For British readers of a certain age, William Sach’s The Incredible Melting Man will hold a special, if misguided, place in their affections. Despite Rick Baker’s impressively grisly effects used to realise the eponymous dissolving astronaut, in the UK the film was initially awarded an “AA” certificate by the BBFC meaning that gore hungry 14/15 year olds were free to sample its gooey delights (it opened in the UK on a double bill with the television film The Savage Bees and was upgraded to an 18 certificate for DVD release). What we got was a ridiculous but strangely quiet entertaining throwback to the days of The Quatermass Xperiment (1955) and First Man into Space (1958).
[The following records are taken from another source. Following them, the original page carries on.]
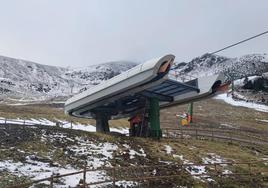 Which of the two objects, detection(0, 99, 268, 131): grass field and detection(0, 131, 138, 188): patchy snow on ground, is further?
detection(0, 99, 268, 131): grass field

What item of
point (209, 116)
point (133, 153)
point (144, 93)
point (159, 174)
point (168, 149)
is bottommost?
point (159, 174)

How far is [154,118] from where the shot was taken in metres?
33.9

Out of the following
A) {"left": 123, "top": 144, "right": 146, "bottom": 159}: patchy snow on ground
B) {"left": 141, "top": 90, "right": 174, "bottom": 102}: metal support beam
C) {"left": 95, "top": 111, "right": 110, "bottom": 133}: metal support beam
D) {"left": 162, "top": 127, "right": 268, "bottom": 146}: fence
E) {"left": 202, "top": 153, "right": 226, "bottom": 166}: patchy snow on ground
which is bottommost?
{"left": 202, "top": 153, "right": 226, "bottom": 166}: patchy snow on ground

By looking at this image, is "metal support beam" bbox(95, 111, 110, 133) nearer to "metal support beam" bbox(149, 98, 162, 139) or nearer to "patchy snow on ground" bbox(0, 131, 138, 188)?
"metal support beam" bbox(149, 98, 162, 139)

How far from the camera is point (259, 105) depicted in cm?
10469

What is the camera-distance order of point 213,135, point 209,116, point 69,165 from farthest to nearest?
point 209,116, point 213,135, point 69,165

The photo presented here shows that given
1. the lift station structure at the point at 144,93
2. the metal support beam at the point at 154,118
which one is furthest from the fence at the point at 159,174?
the metal support beam at the point at 154,118

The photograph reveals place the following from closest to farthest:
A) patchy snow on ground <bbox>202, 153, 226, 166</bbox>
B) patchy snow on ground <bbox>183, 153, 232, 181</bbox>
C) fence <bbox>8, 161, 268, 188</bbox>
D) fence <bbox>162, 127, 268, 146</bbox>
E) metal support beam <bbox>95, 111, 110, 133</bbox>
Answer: fence <bbox>8, 161, 268, 188</bbox> < patchy snow on ground <bbox>183, 153, 232, 181</bbox> < patchy snow on ground <bbox>202, 153, 226, 166</bbox> < metal support beam <bbox>95, 111, 110, 133</bbox> < fence <bbox>162, 127, 268, 146</bbox>

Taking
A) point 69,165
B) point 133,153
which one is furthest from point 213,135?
point 69,165

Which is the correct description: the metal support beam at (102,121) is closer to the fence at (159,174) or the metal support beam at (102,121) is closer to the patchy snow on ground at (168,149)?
the patchy snow on ground at (168,149)

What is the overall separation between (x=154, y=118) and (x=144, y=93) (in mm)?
2180

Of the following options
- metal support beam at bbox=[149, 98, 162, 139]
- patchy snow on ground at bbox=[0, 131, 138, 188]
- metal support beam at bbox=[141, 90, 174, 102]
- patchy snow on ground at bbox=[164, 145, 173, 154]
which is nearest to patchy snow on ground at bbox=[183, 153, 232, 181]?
patchy snow on ground at bbox=[164, 145, 173, 154]

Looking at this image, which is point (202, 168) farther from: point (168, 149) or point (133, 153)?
point (168, 149)

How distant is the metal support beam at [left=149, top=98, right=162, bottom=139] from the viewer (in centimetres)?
3353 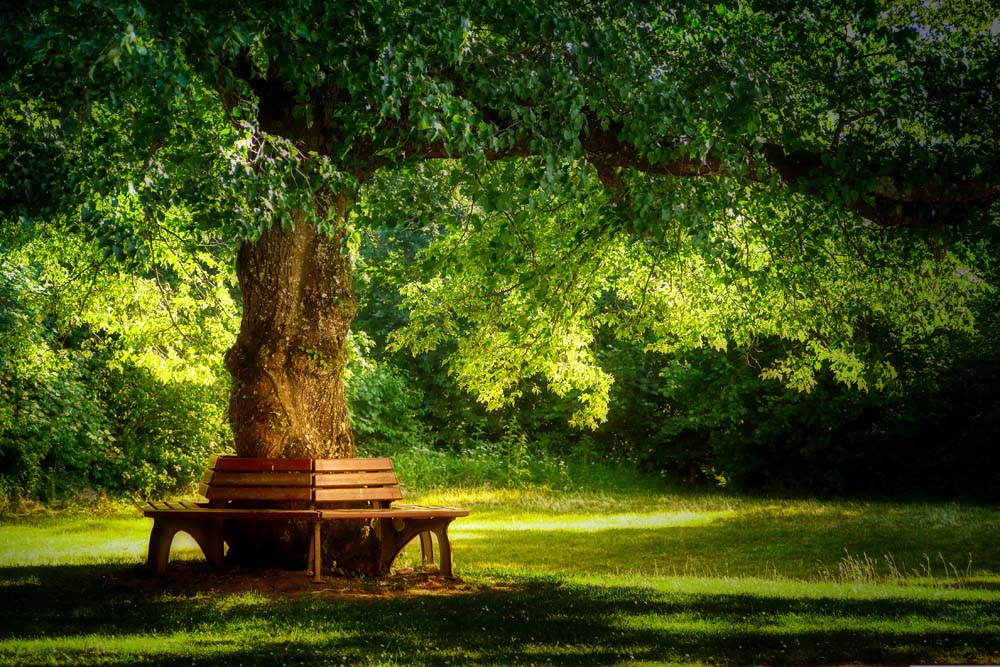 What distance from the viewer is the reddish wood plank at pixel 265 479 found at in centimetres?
882

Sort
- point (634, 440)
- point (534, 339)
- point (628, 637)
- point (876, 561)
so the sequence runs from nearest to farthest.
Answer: point (628, 637), point (876, 561), point (534, 339), point (634, 440)

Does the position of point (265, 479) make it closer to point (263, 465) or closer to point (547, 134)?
point (263, 465)

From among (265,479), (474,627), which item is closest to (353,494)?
(265,479)

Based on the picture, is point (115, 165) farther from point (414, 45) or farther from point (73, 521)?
point (73, 521)

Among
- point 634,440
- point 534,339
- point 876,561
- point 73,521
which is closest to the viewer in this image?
point 876,561

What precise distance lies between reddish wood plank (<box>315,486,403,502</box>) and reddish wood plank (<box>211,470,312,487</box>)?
0.54 ft

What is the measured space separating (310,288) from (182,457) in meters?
10.9

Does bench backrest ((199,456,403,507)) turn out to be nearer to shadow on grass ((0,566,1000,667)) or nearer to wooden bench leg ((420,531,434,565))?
shadow on grass ((0,566,1000,667))

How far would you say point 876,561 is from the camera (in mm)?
12008

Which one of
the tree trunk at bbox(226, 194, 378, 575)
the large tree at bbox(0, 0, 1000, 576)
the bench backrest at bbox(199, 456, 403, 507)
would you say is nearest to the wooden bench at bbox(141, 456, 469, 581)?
the bench backrest at bbox(199, 456, 403, 507)

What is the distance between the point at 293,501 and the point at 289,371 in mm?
1127

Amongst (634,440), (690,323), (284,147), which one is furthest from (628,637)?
(634,440)

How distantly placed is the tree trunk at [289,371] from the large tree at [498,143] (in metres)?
0.03

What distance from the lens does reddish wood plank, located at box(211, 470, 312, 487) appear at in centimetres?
882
Life Victor Caroon and Dan Prescott respectively, the hero of The Incredible Melting Man, Steve West (Alex Rebar), is more fundamentally changed by a trip into space than he could ever have imagined. On a trip to Saturn, he and his colleagues run into solar flares (that look a lot like those at the start of The Texas Chain Saw Massacre (1974)). The other two astronauts are killed and West winds up in hospital (we never find out how he managed to get his ship back to Earth) covered head to toe in bandages. Because no-one seems to have any idea of how to secure an ill astronaut recently returned from a disastrous space mission, West is able to peel back the bandages revealing that his face has started to melt. He chases a slow motion nurse who he eats and finds that human blood keeps him going as his body continues to turn into goo. While killing a fisherman (Samuel W. Gelfman), frightening some kids (Julie Drazen, Stuart Edmond Rodgers and Chris Witney) and putting an end to a geriatric couple’s lemon scrumping trip, West is pursued by former colleague and friend Ted Nelson (Burr DeBenning, giving his all to a role that doesn’t deserve it) who spends a lot of his time wandering bout in some woods with a Geiger counter shouting to his old buddy that he’s going to help him before the inevitable tragic ending.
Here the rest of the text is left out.